## Data

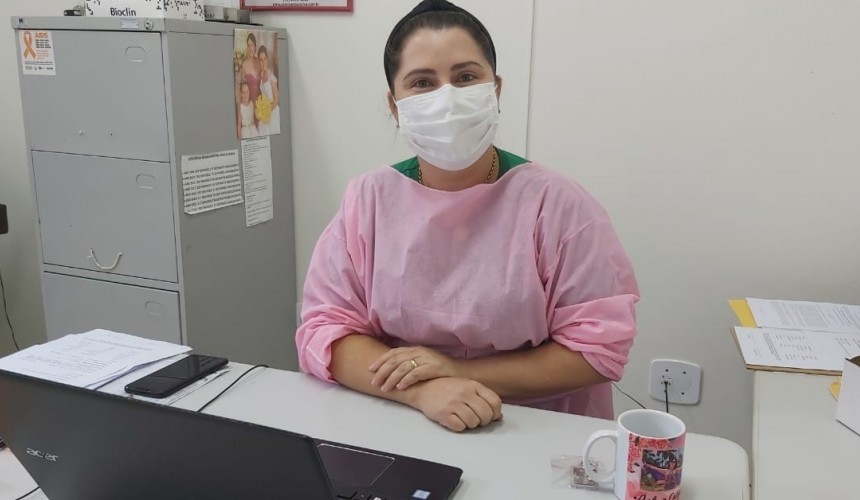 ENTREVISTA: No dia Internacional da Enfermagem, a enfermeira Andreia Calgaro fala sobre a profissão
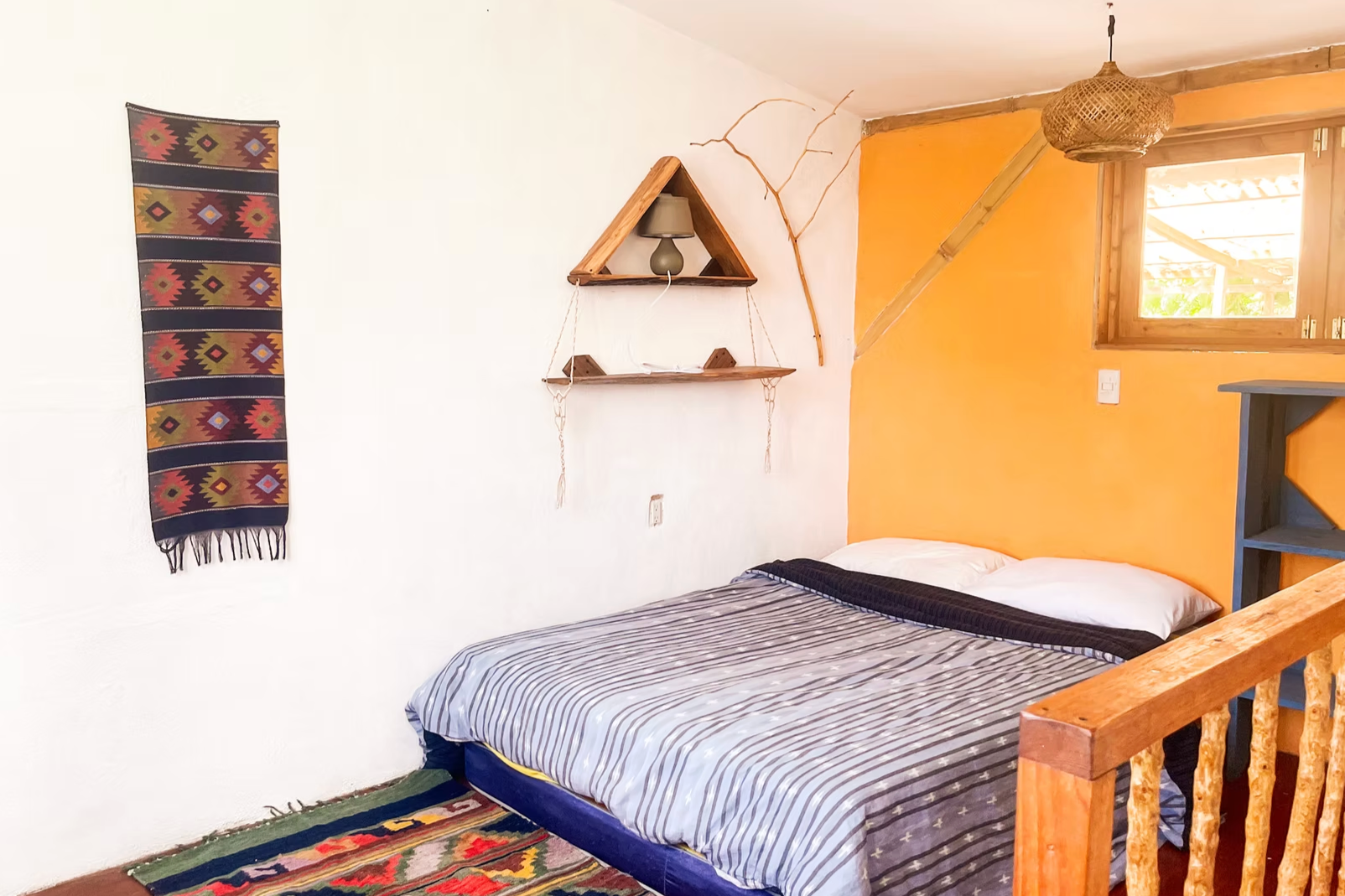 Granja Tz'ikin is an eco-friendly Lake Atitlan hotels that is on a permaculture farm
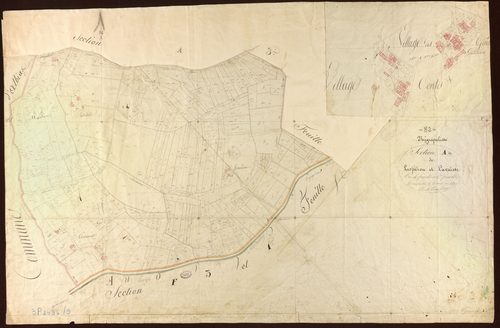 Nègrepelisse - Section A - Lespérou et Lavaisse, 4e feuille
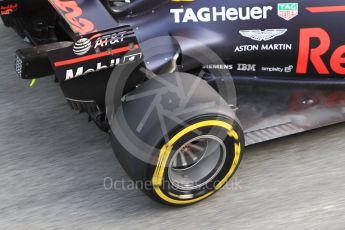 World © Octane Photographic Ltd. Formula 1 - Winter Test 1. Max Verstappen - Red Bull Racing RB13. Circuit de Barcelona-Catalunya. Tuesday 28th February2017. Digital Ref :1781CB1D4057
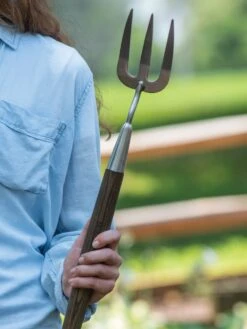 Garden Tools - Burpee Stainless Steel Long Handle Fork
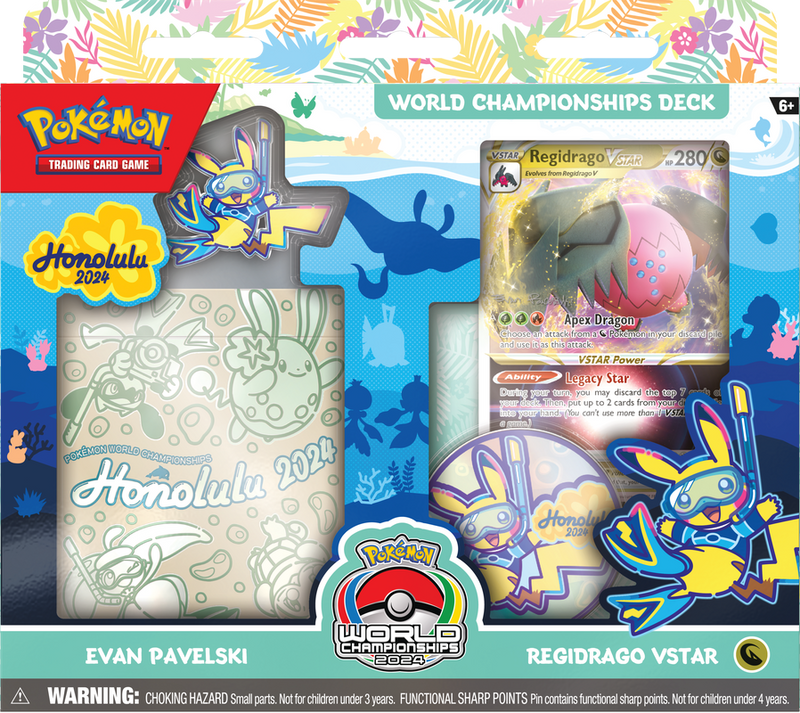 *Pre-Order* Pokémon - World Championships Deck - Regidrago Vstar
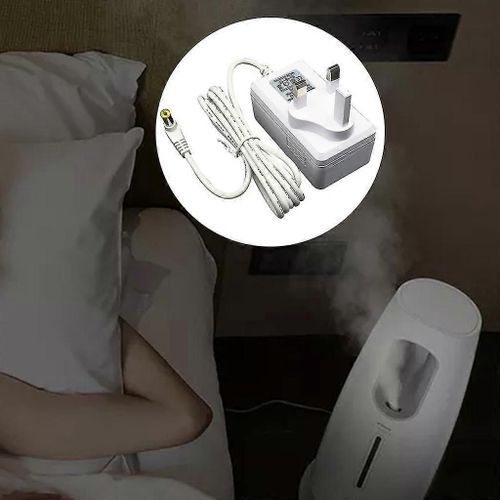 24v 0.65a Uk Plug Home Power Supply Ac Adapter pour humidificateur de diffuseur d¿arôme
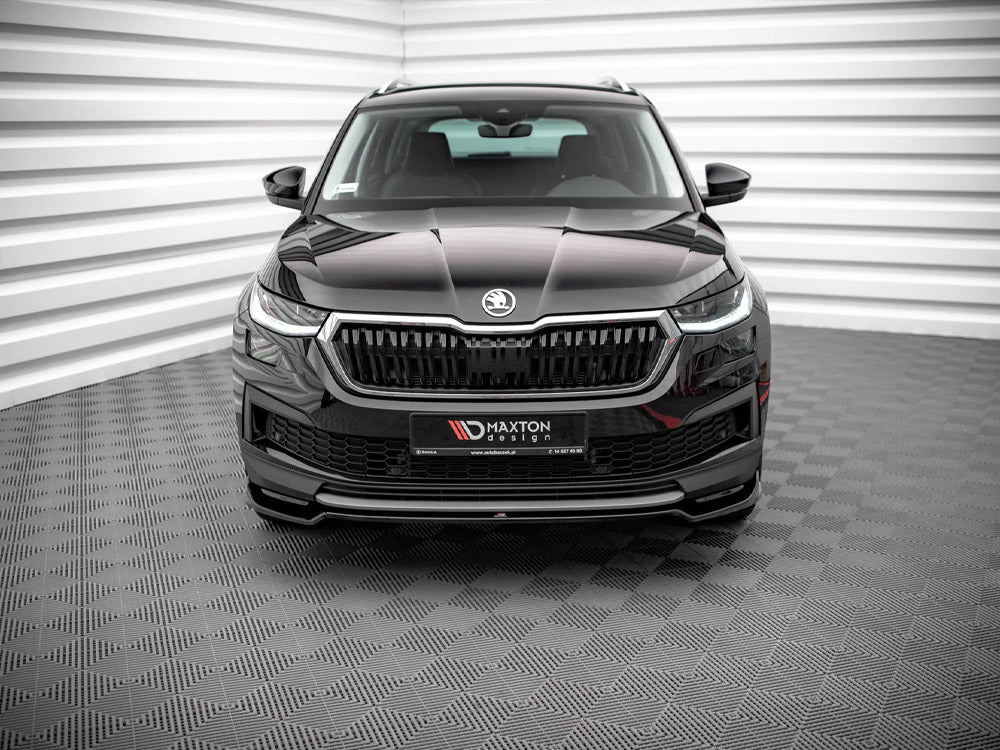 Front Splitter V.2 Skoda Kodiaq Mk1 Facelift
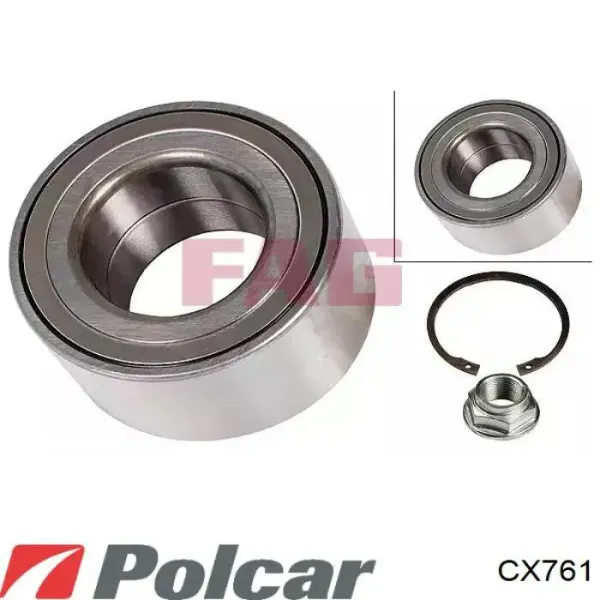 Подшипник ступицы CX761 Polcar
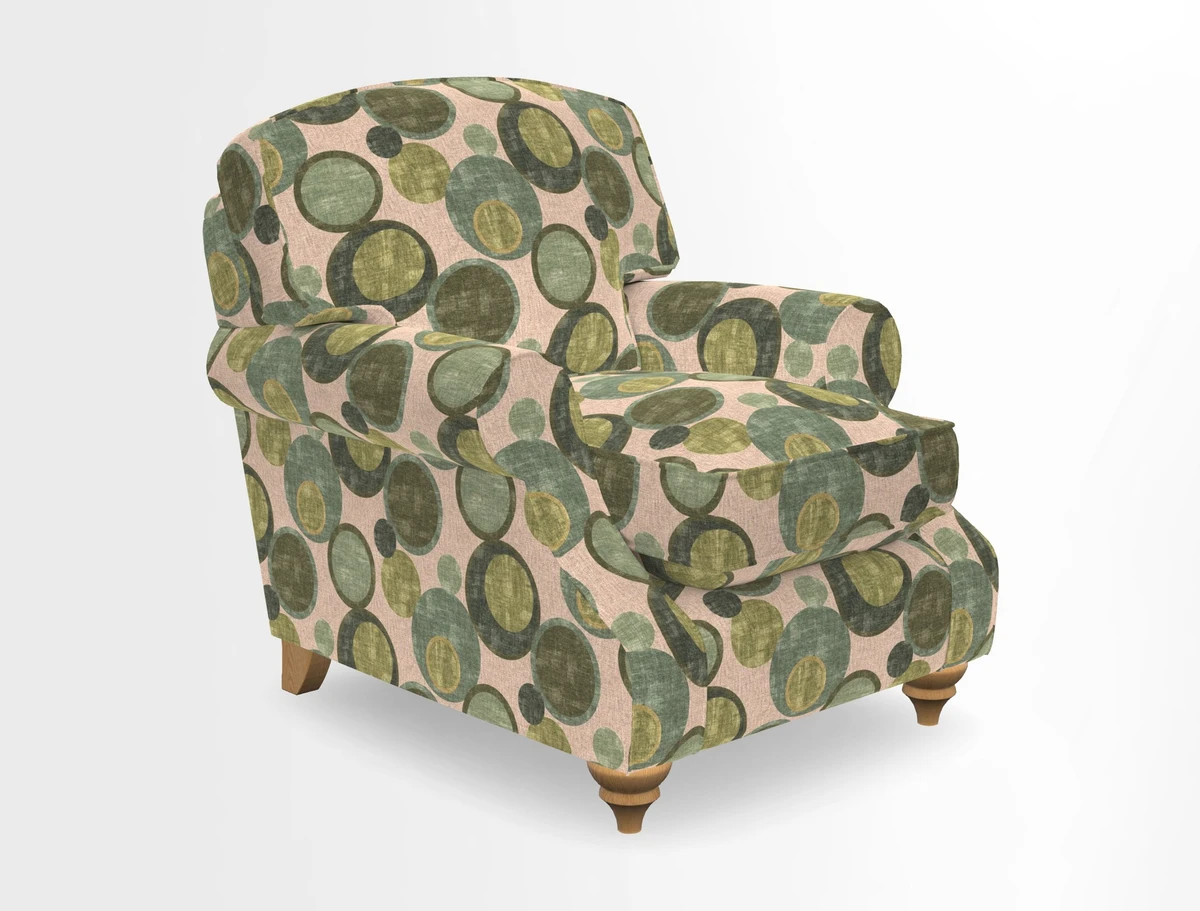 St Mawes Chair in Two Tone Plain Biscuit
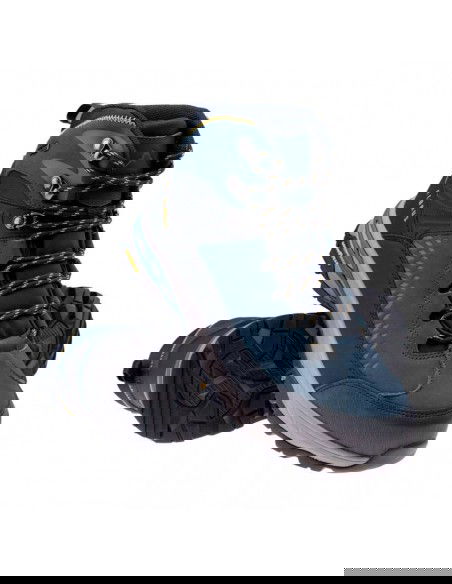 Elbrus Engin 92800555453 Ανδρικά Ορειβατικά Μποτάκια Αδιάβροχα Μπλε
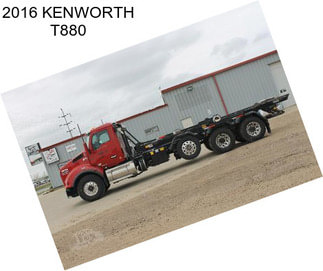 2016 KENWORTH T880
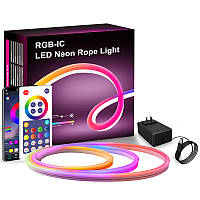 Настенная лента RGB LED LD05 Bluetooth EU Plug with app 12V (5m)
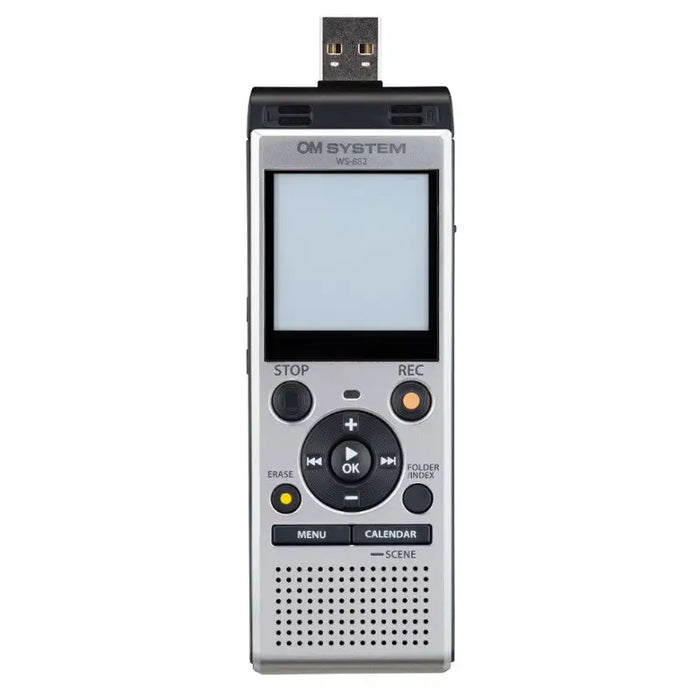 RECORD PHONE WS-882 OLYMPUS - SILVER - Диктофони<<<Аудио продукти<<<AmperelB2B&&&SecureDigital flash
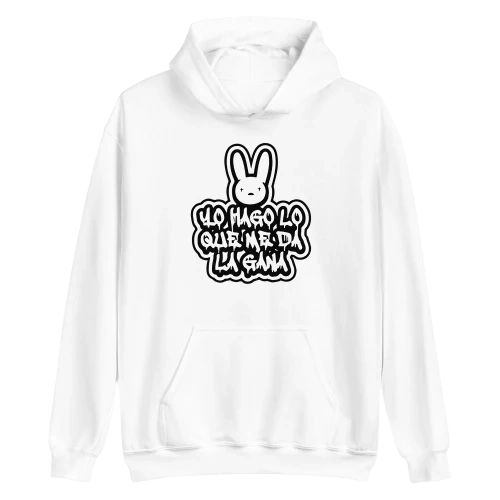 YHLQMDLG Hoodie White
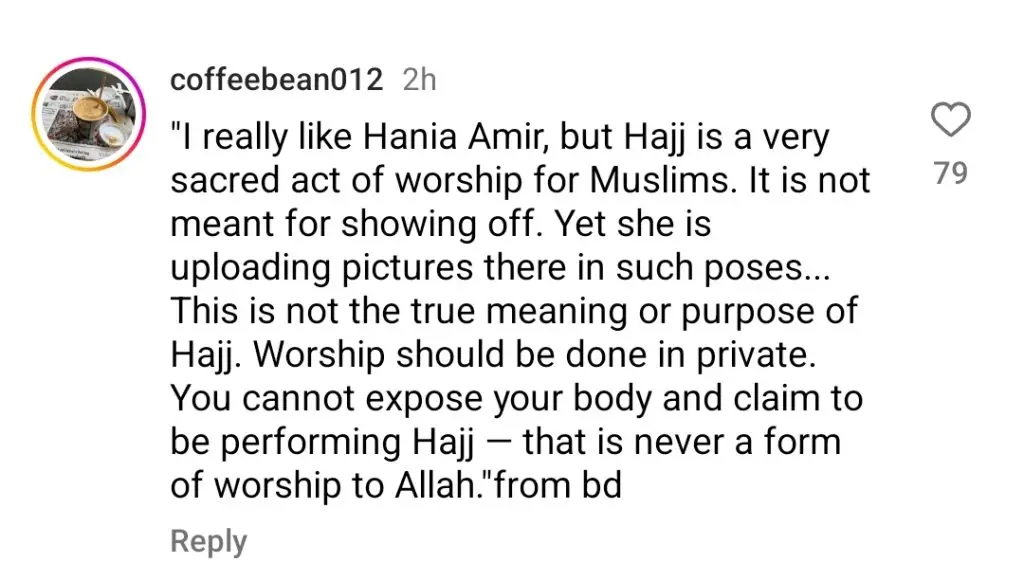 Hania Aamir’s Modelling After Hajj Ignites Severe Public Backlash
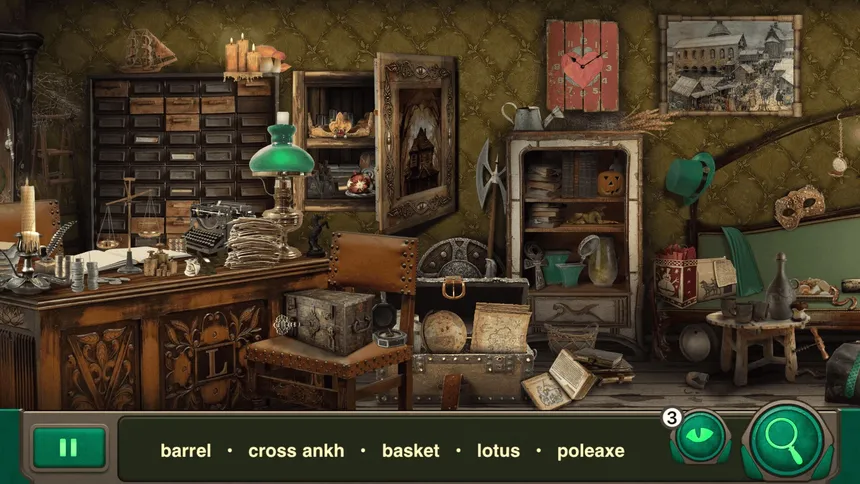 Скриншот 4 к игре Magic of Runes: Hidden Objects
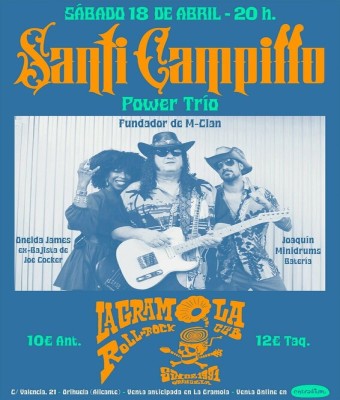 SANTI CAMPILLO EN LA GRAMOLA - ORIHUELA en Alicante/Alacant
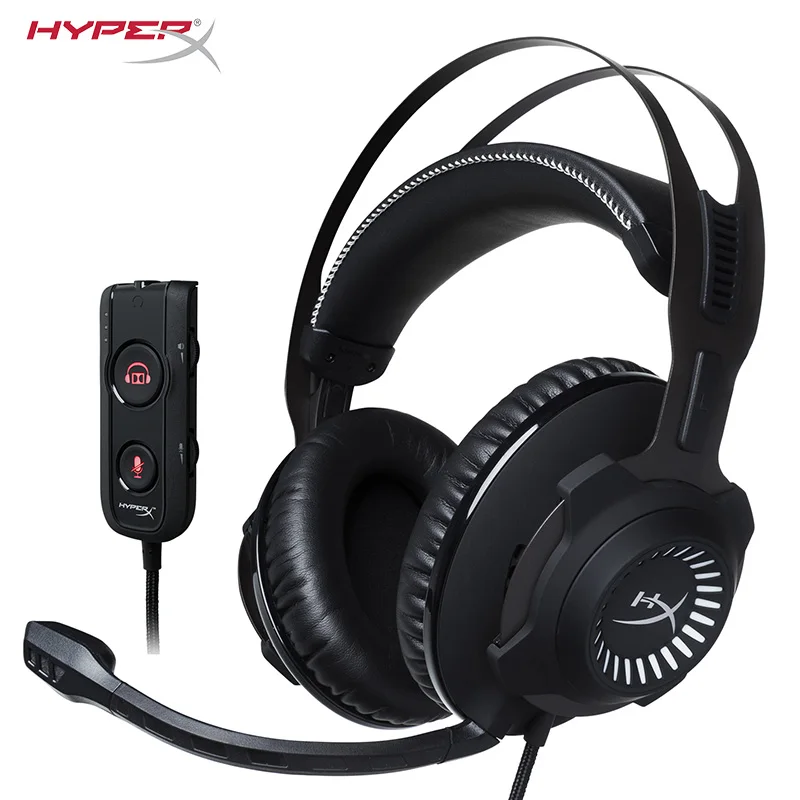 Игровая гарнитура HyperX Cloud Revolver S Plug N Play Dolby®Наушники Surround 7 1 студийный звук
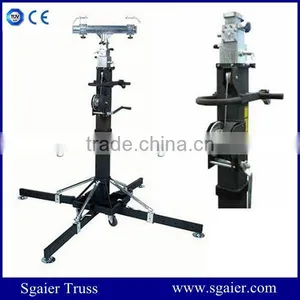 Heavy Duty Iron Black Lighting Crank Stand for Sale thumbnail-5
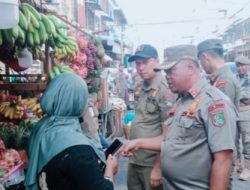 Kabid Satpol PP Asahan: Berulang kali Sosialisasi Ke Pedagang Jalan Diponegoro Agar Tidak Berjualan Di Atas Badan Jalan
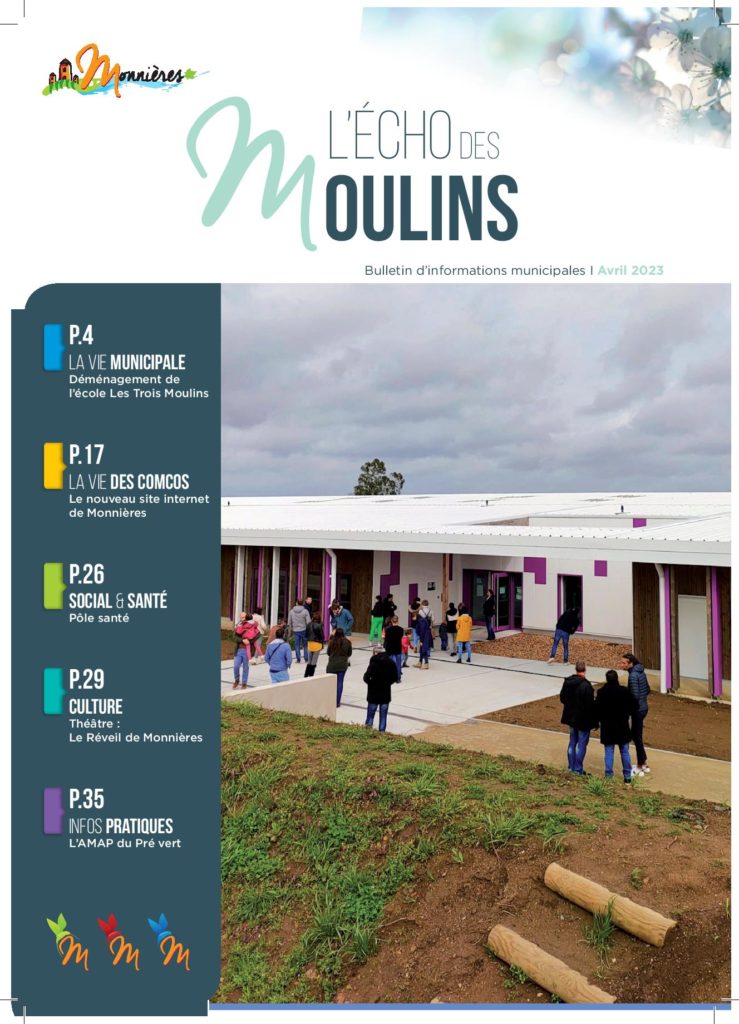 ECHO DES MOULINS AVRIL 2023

## The problem
Only the lines from the one containing "2016 KENWORTH T880" through the end of the records above should be retyped, exactly as they stand, with any pictures left out.

## Exercise answer
 2016 KENWORTH T880
 Настенная лента RGB LED LD05 Bluetooth EU Plug with app 12V (5m)
 RECORD PHONE WS-882 OLYMPUS - SILVER - Диктофони<<<Аудио продукти<<<AmperelB2B&&&SecureDigital flash
 YHLQMDLG Hoodie White
 Hania Aamir’s Modelling After Hajj Ignites Severe Public Backlash
 Скриншот 4 к игре Magic of Runes: Hidden Objects
 SANTI CAMPILLO EN LA GRAMOLA - ORIHUELA en Alicante/Alacant
 Игровая гарнитура HyperX Cloud Revolver S Plug N Play Dolby®Наушники Surround 7 1 студийный звук
 Heavy Duty Iron Black Lighting Crank Stand for Sale thumbnail-5
 Kabid Satpol PP Asahan: Berulang kali Sosialisasi Ke Pedagang Jalan Diponegoro Agar Tidak Berjualan Di Atas Badan Jalan
 ECHO DES MOULINS AVRIL 2023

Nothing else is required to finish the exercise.